Problem » Print the listing below exactly, images excluded.

**** Working data

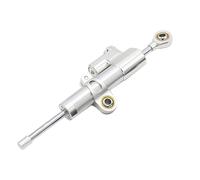 Steering Stabilizer Motorcycle Accessories Fit For Honda CB650R 2019-2021 Modified Anti-slingering Steering Damper Balance Rod Titanium Ruler(Color5)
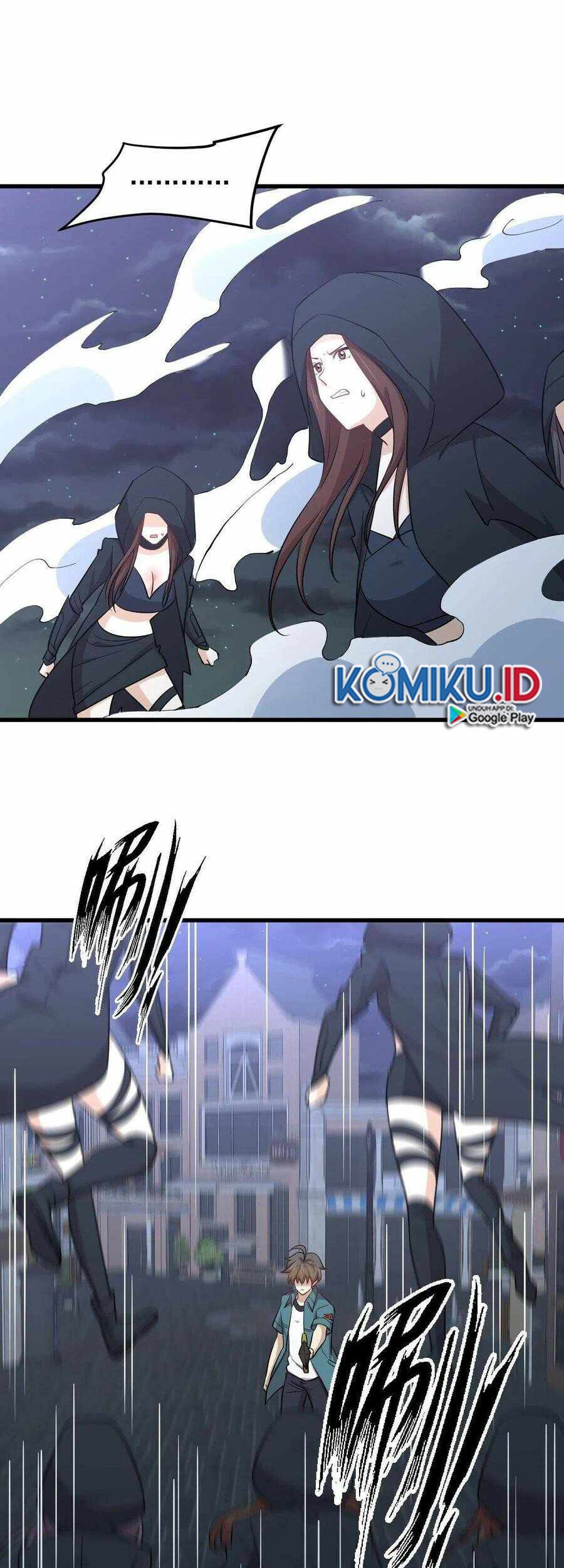 Immortal Swordsman in The Reverse World Chapter 266 - halaman 27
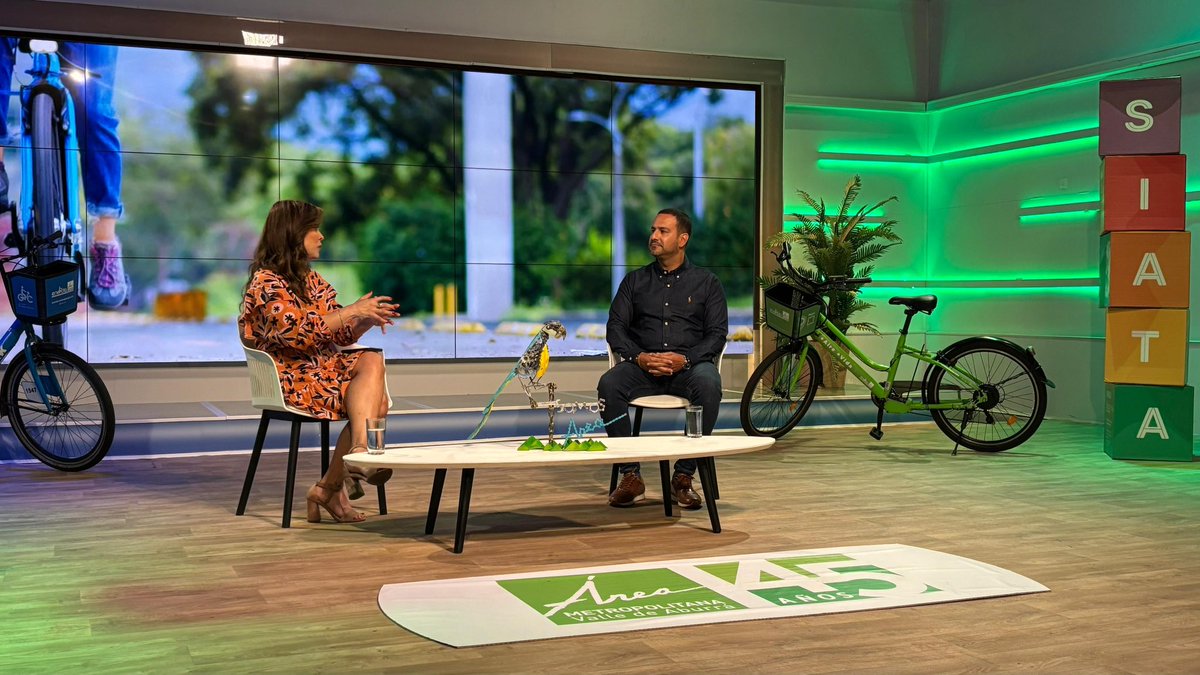 Nos acompaña Jorge Alberto Garcés, secretario de Seguridad, Convivencia y Justicia del municipio de Sabaneta.

Él nos cuenta:
“La tecnología en la seguridad es más que cámaras, también es inteligencia, análisis de la información y trabajo articulado entre municipios.”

********

Finished exercise »
 Steering Stabilizer Motorcycle Accessories Fit For Honda CB650R 2019-2021 Modified Anti-slingering Steering Damper Balance Rod Titanium Ruler(Color5)
 Immortal Swordsman in The Reverse World Chapter 266 - halaman 27
 Nos acompaña Jorge Alberto Garcés, secretario de Seguridad, Convivencia y Justicia del municipio de Sabaneta.

Él nos cuenta:
“La tecnología en la seguridad es más que cámaras, también es inteligencia, análisis de la información y trabajo articulado entre municipios.”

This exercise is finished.